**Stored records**
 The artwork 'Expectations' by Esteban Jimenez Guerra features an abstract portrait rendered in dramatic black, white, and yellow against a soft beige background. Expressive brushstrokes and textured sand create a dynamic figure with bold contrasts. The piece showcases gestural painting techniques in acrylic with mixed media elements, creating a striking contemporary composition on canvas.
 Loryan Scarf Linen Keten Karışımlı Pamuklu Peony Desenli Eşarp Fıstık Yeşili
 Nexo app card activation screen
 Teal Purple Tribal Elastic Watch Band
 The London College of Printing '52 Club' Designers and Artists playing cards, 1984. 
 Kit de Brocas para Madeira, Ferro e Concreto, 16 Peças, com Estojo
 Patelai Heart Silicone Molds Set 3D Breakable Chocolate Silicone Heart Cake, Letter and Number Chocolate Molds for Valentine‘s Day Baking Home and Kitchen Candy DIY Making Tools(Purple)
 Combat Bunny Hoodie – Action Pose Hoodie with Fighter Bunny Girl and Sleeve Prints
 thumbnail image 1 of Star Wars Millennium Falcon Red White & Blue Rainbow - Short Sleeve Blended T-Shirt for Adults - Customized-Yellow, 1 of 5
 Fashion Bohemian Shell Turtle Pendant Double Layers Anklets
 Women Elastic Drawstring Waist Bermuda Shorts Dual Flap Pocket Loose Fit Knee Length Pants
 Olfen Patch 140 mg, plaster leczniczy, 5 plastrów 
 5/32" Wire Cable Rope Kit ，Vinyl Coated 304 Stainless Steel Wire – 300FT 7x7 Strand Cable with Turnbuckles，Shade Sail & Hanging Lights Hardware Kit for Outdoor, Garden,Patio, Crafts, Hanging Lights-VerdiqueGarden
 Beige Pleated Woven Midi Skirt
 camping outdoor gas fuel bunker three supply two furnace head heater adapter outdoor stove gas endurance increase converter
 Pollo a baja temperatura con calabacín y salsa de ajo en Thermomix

**TO DO**
Word for word, repeat the lines from the one holding "Beige Pleated Woven Midi Skirt" through the last line of the entries, both included.

**EXERCISE ANSWER**
 Beige Pleated Woven Midi Skirt
 camping outdoor gas fuel bunker three supply two furnace head heater adapter outdoor stove gas endurance increase converter
 Pollo a baja temperatura con calabacín y salsa de ajo en Thermomix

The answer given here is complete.